とはいっても雑誌に掲載された短文と対談をまとめたもの。
でも、考えの大枠はだいぶはっきりしたように思う。
すなわち、一つは、家族とか地域共同体の、人間形成、共通規範形成といった役割を重視するコミュニタリアン(共同体主義者)の立場。
もう一つは、自分(や人生)の本質を「空」とし、自分(や人生)を「独立的実体」ではなく多様な「流れ」のようなものとして捉えるラディカルブッディスト(訳すと根源的仏教者?)の立場。
この「主義」自体は各所で表明されていたことだけど、それぞれの「主義」から事物を語っている文が各部(章?)ごとに集められているから、「主義」の内容を体系的に把握できる。
おもしろいと思ったのは、コミュニタリアンの立場から社会問題を見るときの視角。
政治(国家)、経済(市場)、社会(共同体)という3つの空間を措定し、共同体が国家や市場に侵されている(植民地化されている)から、国家とも市場とも重なり合わない共同体を保持・創出すべきだと言っている。
まさにハーバーマスの枠組み。
一点違うのは、社会(の中心)を「共同体」と見るか「市民社会」と見るかというところ。
これらは競合しないようにも思えるし、競合するようにも思える。
例えば、自立を重視したイギリスの「第三の道」は家族や共同体の再興を唱えている。
「家族」という言葉で「イエ制度」を思い浮かべるか「核家族」を思い浮かべるかによっても異なってくる。(※宮崎哲弥は「イエ制度」を存続させることになるという理由から夫婦別姓に反対している)

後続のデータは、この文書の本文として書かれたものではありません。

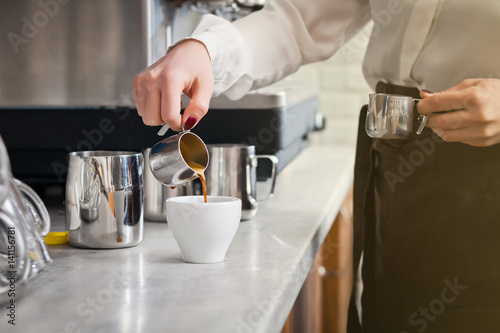 barista is preparing coffee on coffee machine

けれど、そこで前提とされている人間観は、リベラル-コミュニタリアン論争の中心的な主題にもなるくらい対立しているものでもある。
実際、宮崎哲弥のラディカルブッディストとしての人間観はリベラリズム(=近代主義)の人間観を敵として想定している。
でも、個人的には、国家とも市場とも異なる多様な帰属先の保証という観点からすると、家族とかの「共同体」とNPOとかの「市民社会」は対立せずに共存可能だと思う。
人間観も、私的な領域では共同体的な価値観を尊重し、公的な領域ではリベラルな価値観を想定するという使い分けによって“ある程度は”解決できるように思う。
というか、使い分けないといけないのではないかとさえ思う。
というのは、コミュニタリアンの基礎となる共同体を人工的に作ること、あるいは、コミュニタリアンによる社会問題の解決というのが果たしてどこまで可能なのか疑問だからである。
この本にも、(親から子への)「虐待の再生産」みたいな、“厳しい”家庭環境の下で育った人による問題が語られているのだけど、ではいかにして家庭崩壊を防ぐのか、崩壊した家庭で育った人をどのように扱うのか、といったことにはほとんど触れられていない。
あえて家族の存在価値を否定する必要は全くないけど、「理想的な家族」を政治によって作るというのはほとんど無理なことではないだろうか。
以上のような問題点があるだろうに政治の中心で「理想の家族」を唱えている安倍首相に対しても同様の疑問は投げかけられる。
ただ、宮崎哲弥は、下村官房副長官みたいに女性の社会進出を抑制する方向ではなく、男性が市場=仕事に隷属している状態から抜け出して家庭に目を向ける方向での家庭の再興を目指している。
ハーバーマス的な枠組みで考えて、男性の家庭や諸共同体への関与を促すという、こういう家族や地域共同体の位置付けならリベラリストでも受け入れられる。
〈前のブログでのコメント〉
- 読みました。主張の当否よりも、コミュニケーションのルールに従ってコミュニケーションする彼は希少な評論家だと思います。
- commented by やっさん
- posted at 2006/11/15 21:50
基本的なルールを踏まえていない「評論家」って一体・・・、という気もすしますが、実にお寒い現実です。